The Tyranny of Words

Reader response to last week’scover story, “Enemy of the People,” by Aaron Cantú, was predictable but nonetheless shocking. Predictable, because we’ve heard the right-wing talking points a million times. Shocking, because cognitive dissonance is a hell
of a drug.

Now, such a drug can be an opiate or a stimulant, depending on the circumstances.

One anonymous email, for instance, exclaimed, “The corporate owned mainstream media IS the enemy of the peace loving people of the United States of America!!!”

This fellow must have gotten a strong dose. It’s clearly dulled his sense of irony.

Me, I just copped a contact high, and it got my heart a-racing. I lie awake at night pondering the mysteries of the universe, specifically why folks who call themselves “conservatives” and “Constitutionalists” are so hostile to the very foundation of American democracy, enumerated in the very First Amendment of our hallowed Constitution: the right to free speech and assembly. Sounds like a consensus issue to me.
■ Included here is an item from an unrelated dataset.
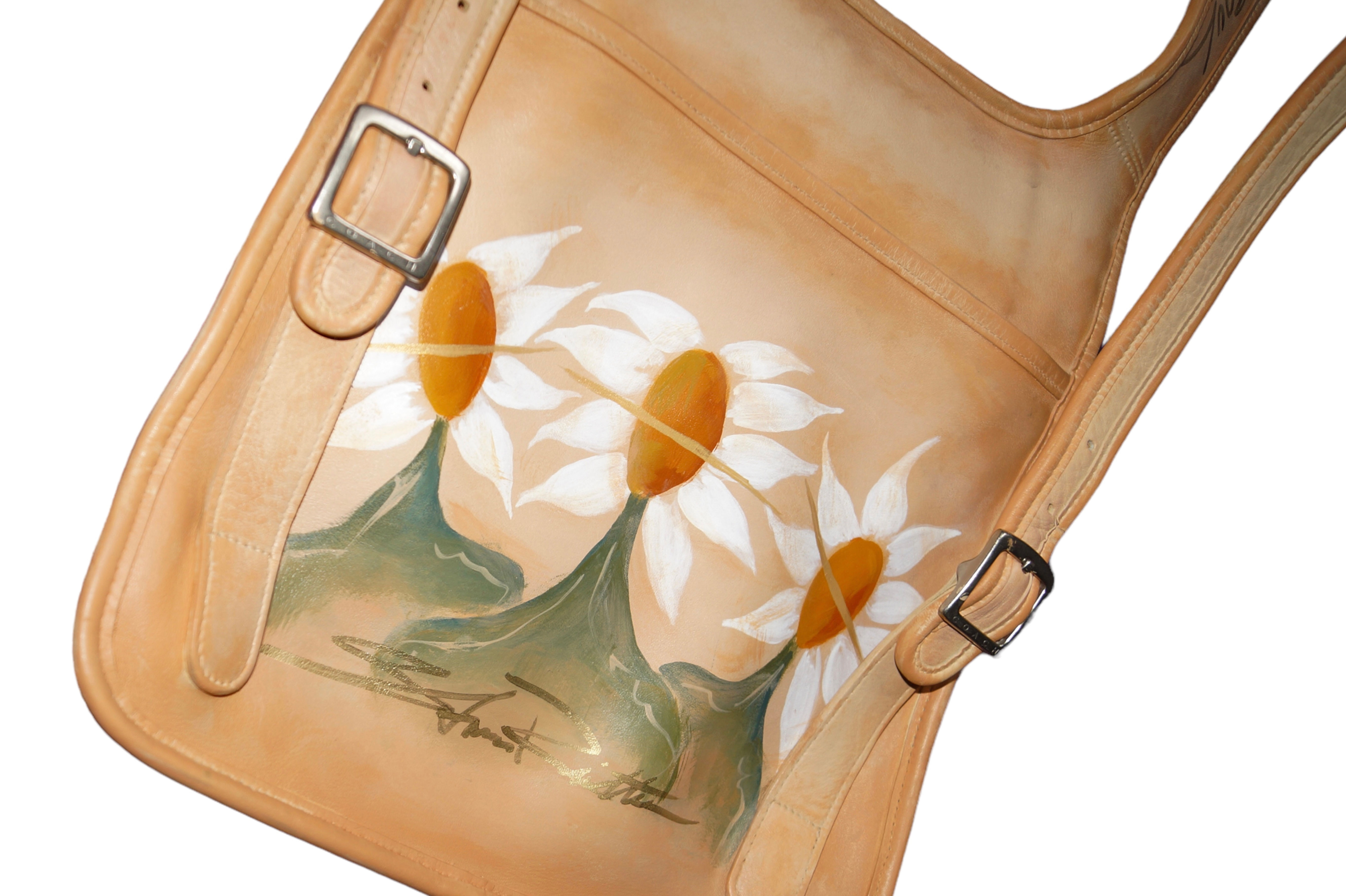"The Flower People" Painted Leather Luxury Backpack *Commission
More to the point, though, why is it that the brand of media they decry—“corporate owned” and “mainstream”—describes the very media products that they themselves consume? Fox News and conservative talk radio are way more “corporately owned” and “mainstream” than our alternative weeklies.

What’s wrong with corporations, anyway? Didn’t the Republican Party laud the Citizens United ruling? Don’t corporations create jobs? Why is corporate ownership, in this one single instance, so suspect?

After days of ultra-focused concentration, I cleaned the house, fixed a dirt bike and came to some preliminary conclusions. The current, Tea-Party-infused amalgam is no longer the Republican Party of principle, as it styled itself in generations past; it is a party that uses the historical heft of its erstwhile principles to maintain a grip on the levers of power, by hook or by crook.

This might be why they’ve lost so many of their own in recent years. The Tea Party vanguard trademarked a catchy name for them. They called them RINOs, “Republicans in name only.” It was a classic political purge, in which party members were attacked not for their beliefs or actions, but because a more ambitious (and ruthless) cadre was in the ascendant.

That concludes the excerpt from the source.